Elios, bello come il sole da cui prende il nome, non sarà mai suo.

Un breve sospiro e la fanciulla torna a guardare di fronte a sé, cercando di riordinare i pensieri.

È certa di quell’affermazione, in quanto un compito arduo sta per attenderli, da cui non crede di aver speranze ad uscirne viva.

A poche ore dalla notte profonda, sono infatti giunti alla loro destinazione. Sono i loro cavalli a percepire per primi il pericolo di quel luogo: le forti zampe si irrigidiscono improvvisamente e gli animali, con respiro nervoso, si vanno a fermare alla soglia della buia grotta che si apre subito dopo quella fitta boscaglia.

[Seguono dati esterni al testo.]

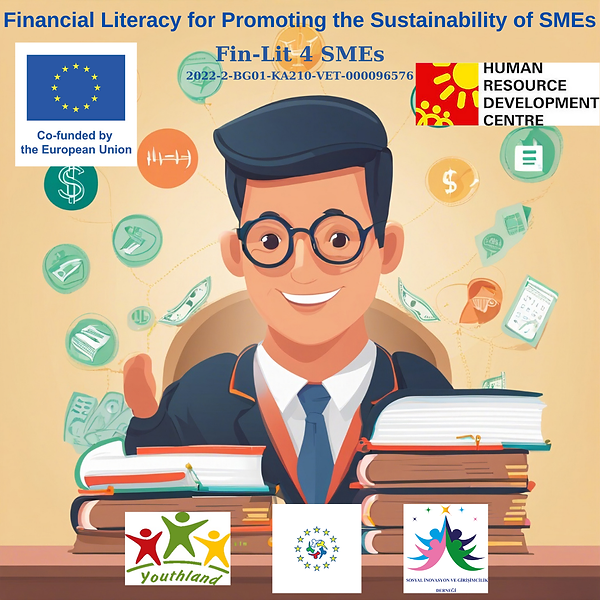 Financial Literacy for Promoting the Sustainability of SMEs.png
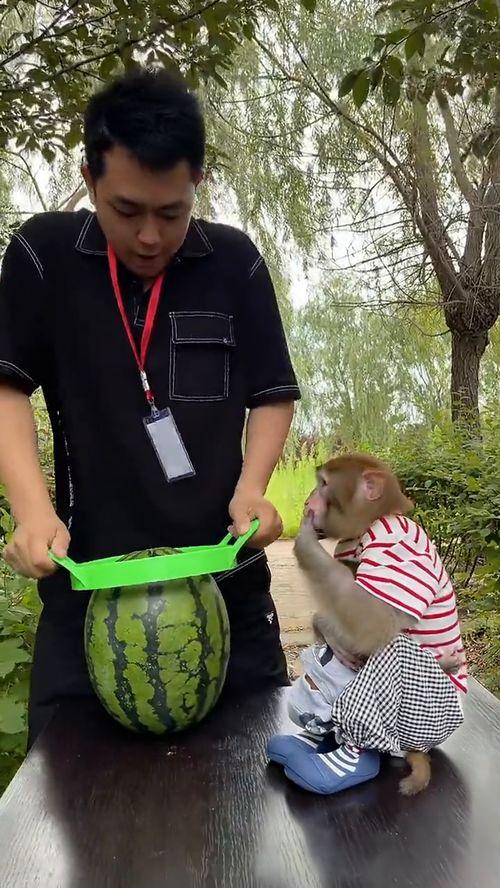 女朋友吃瓜只吃芯,揭秘女友的独特吃瓜情缘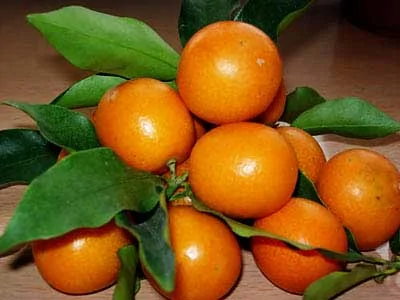 冬吃橘子四大好處
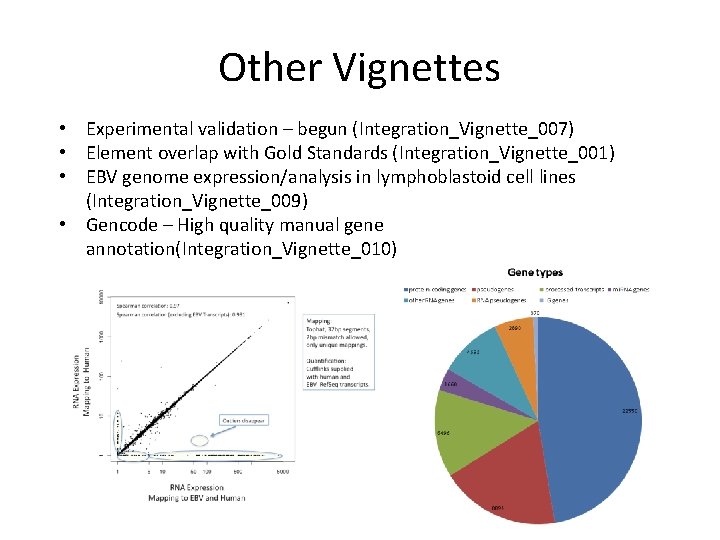 Other Vignettes • Experimental validation – begun (Integration_Vignette_007) • Element overlap with Gold Standards Other Vignettes • Experimental validation – begun (Integration_Vignette_007) • Element overlap with Gold Standards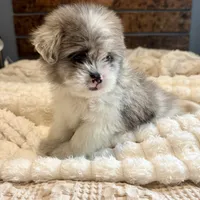 Oscar, a male Pomeranian and Shih Tzu for sale in Chesterfield, MI – 4 of 10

I due cavalieri si affiancano per osservare quel buio impenetrabile. Un vento gelido risale l’oscurità e lambisce le loro membra, strappando ad entrambi un breve e nervoso brivido di freddo. A quel punto i due si guardano negli occhi, leggendo un velo di terrore in entrambi.

«Sei pronto?» sussurra rocamente Sibilla, infastidendosi nel constatare che la sua voce sta leggermente tremando.

«No.» il sorriso di Elios è teso e ironico «Ma abbiamo scelta?»

«Tu ne hai.»

La ragazza allunga la mano e la va a posare sul braccio del compagno, guardandolo intensamente e in modo malinconico.

«Ne hai, Elios. Non venire. È una cosa che io devo fare.»

«Noi siamo una cosa sola.» ribatte lui con decisione, mettendo la sua mano su quella di lei «E non lascio a te tutto il divertimento.»

Lei storce le labbra con fare seccato.

«Sei un maledetto guastafeste.» decreta scendendo dal cavallo con un agile balzo.

Elios mostra un piccolo sorriso per i modi della donna e scende a sua volta.

Dopo essersi assicurata di aver smontato tutto dal suo destriero, Sibilla si sistema meglio in spalla la faretra con le frecce e, stringendo con forza l’arco, muove il primo passo verso la grotta.

Immediatamente Elios è al suo fianco e la prende per mano; dopo un fugace sguardo di intesa, i due si immergono correndo nell’oscurità.

La porta degli Inferi è stata varcata e la loro visita non passerà inosservata.